God didn’t say ‘and the halves shall become whole.’ You are a beautiful, complex creation of God by yourself; you don’t need another person to somehow ‘complete’ you.
Marriage is all about uniting and yet also respecting each other’s individuality; and that leads us to some strategies to resolve conflict effectively.
Here are 4 Strategies You Can Do Right Now.
Note: Many of these strategies were inspired by those in the Psychology Today article, “Marriage Problems? Here’s an 8-Step Rescue Plan.”
1. Map Out the Issues
It can be hard to address an issue that you don’t even know exists. In marital conflicts, there is rarely ever one contributing factor.
Be honest with yourselves, and together, make a list of everything you feel is wrong in your relationship. This can help both of you to understand the situation better and ensure that you’re both coming from the same place.
2. Change Perspective
Sometimes a little bit of humility is all you need to inspire a lot of change. Instead of trying to explain, over and over again, why you’re right, actually listen to your spouse and try to see it from their point of view.
Their argument may not make sense to you, but when you match it up with their situations and struggles, it can lessen the confusion quite a bit. No one is saying that you’re wrong, but if you just happen to be, the best thing to do is admit it, which ties into the next strategy.
3. Stop Pointing Fingers
As long as you keep playing the blame game with your spouse, things are never going to get better. More often than not, the problem is both of your faults. Blame is usually motivated by guilt, frustration, or denial. It can dangerous, because a little bit of bitterness can easily turn into hatred- yes, hatred.
Of course you still love your spouse- hopefully-, but you no longer have the patience and love to forgive them, accept part of the blame, and move on. Blame is only a roadblock on the road to resolution.
4. Focus on the Solution- Not the Problem
The negative effects of conflict are far-reaching, and when that conflict is handled negatively, the impact that can have is immeasurable. It impacts not only the husband and wife, but also the entire family. In fact, a psychological study showed that negative marital conflict management directly encouraged behavioral problems in children.

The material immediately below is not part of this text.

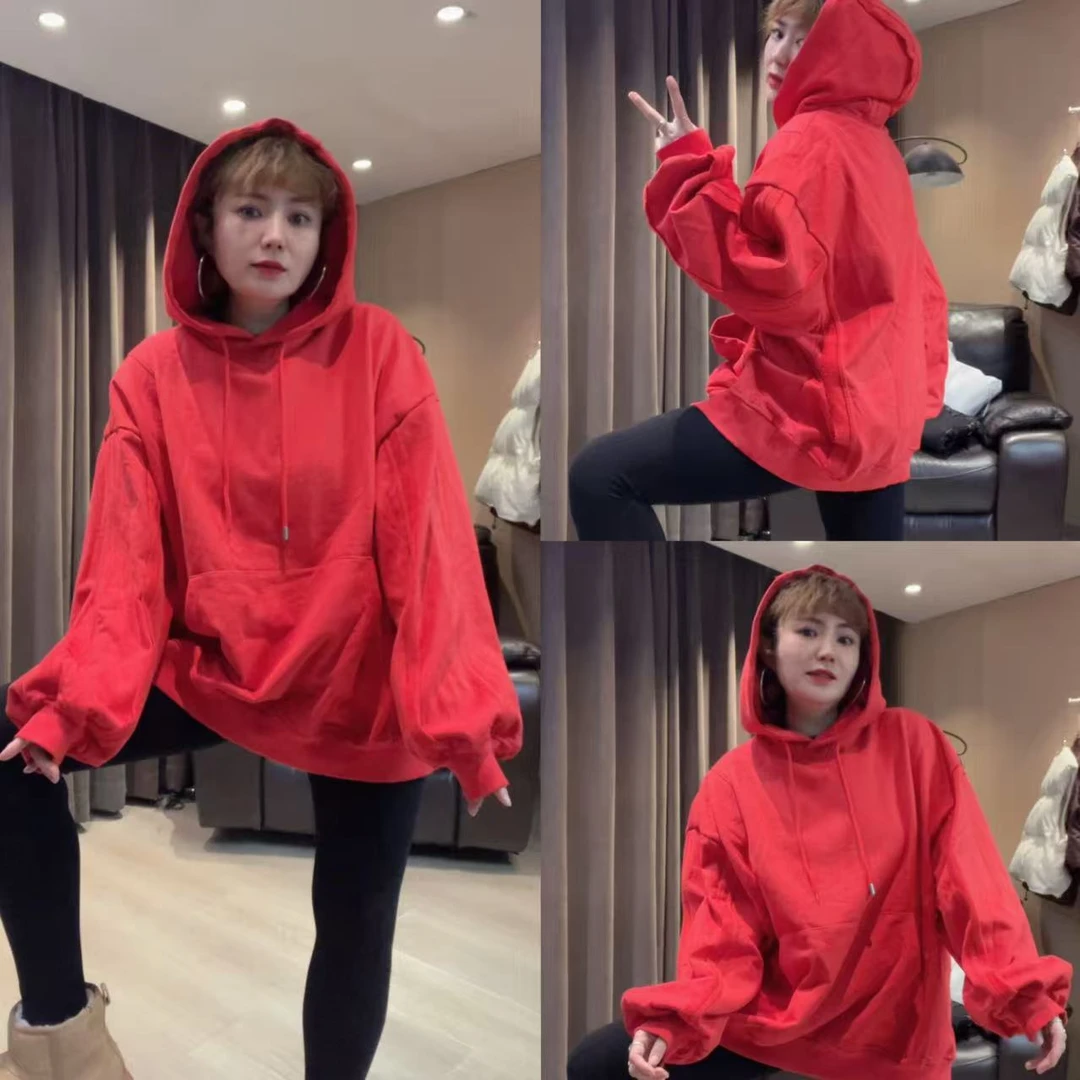 加绒套头上衣欧洲站新款韩版连帽纯色卫衣潮（190斤之内可穿）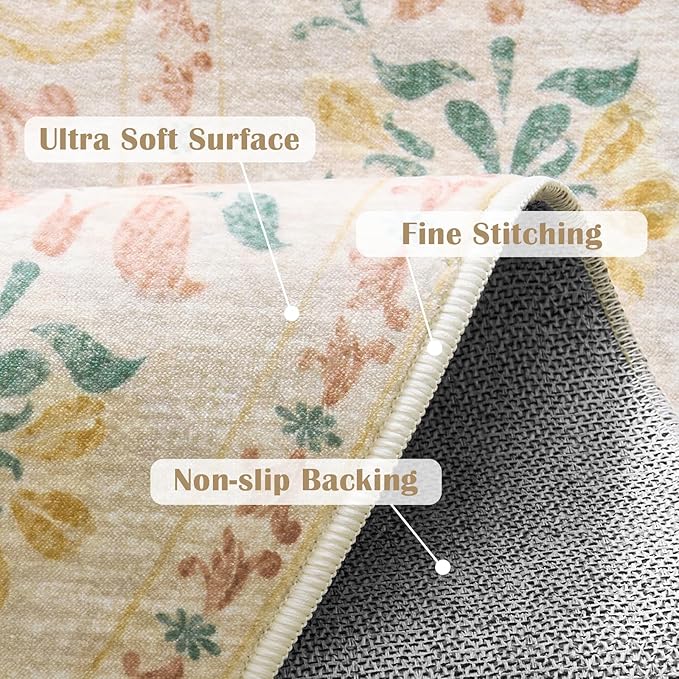 jinchan Round Rug 6ft Area Rugs Vintage Floral Distressed Design,Machine Washable Soft Non-Slip Low-Pile Ultra-Thin Circle Rug for Bedside Living Room Dining Room Bedroom (6' Round, Apricot Multi)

Hebrews 11:1 says, “Now faith is the assurance of things hoped for, the conviction of things not seen.” You may not see it now, but there will be an end to the mess and the heartbreak- you just have to be willing to go outside of your comfort zone to get there.
Things aren’t going to magically fix themselves when you pass the days fighting instead of working together. Next time you catch yourself saying something negative, stop and pray instead.
Handling conflict maturely and effectively is by no means an easy undertaking. But if we’re willing to push through it, God will give us the strength and wisdom to see the argument to its end.
All the things that matter so much to us, and all the things we will turn against our loved ones for, are nothing compared to the plan God has for our lives. When we give Him all control, He will make our paths clear.
What are some common problems you see with the way couples handle conflict?